タイでは、アユタヤへの日本人の誘致を目指すタイ国政府観光庁に対し、バンコクに支局を持つRKB毎日放送が毎日新聞社の駅伝大会を紹介した事がきっかけで2017年の大会開催に至っている。アユタヤでの大会はタイ国政府観光庁が主催で、毎日新聞社が運営に協力した。

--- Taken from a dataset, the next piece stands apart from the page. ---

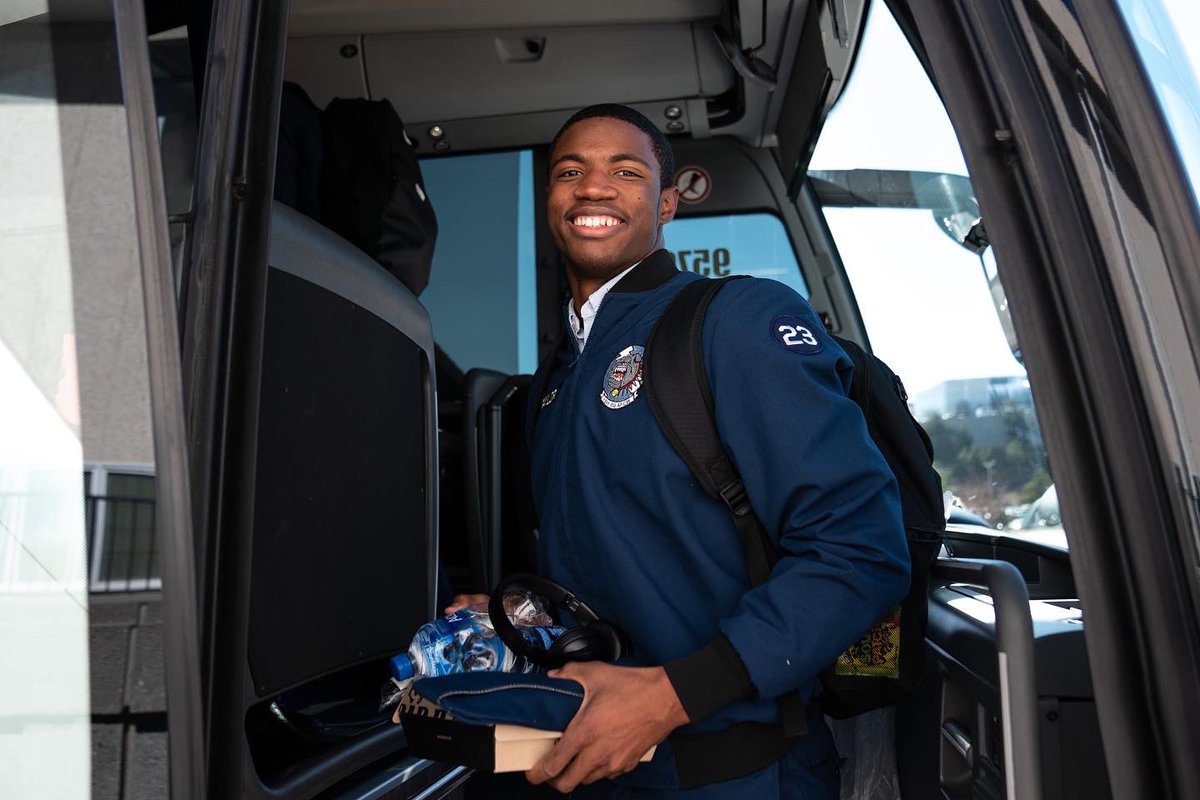 AF_Football's tweet photo. Road trip 🚌 https://t.co/8k6muPRyzs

ベトナムでは、幹部がベトナム大使と交流があり、その中で駅伝大会開催の話が出たことをきっかけに2018年に第1回大会を開催。ベトナム公安省が主催で、現地パートナー社のトイチェ社と毎日新聞社の2社で運営している。
現地法人と日本企業のネットワーキングを支援
多くの現地企業、大会参加者を巻き込むための大会PRについては、当初は日系企業の商工会議所から広報を始め、現地の邦字紙に広告を出したほか、Facebookでの実況中継を行うなどSNSも取り入れた。駅伝大会に様々な現地法人が参加したこともあり、現地法人と大会に協賛・参加している日本企業(スポンサー企業)を繋ぐため、夜店を並べた前夜祭や現地法人とのランチ会を開催するなど、大会開催をきっかけとしたネットワーク支援も実施している。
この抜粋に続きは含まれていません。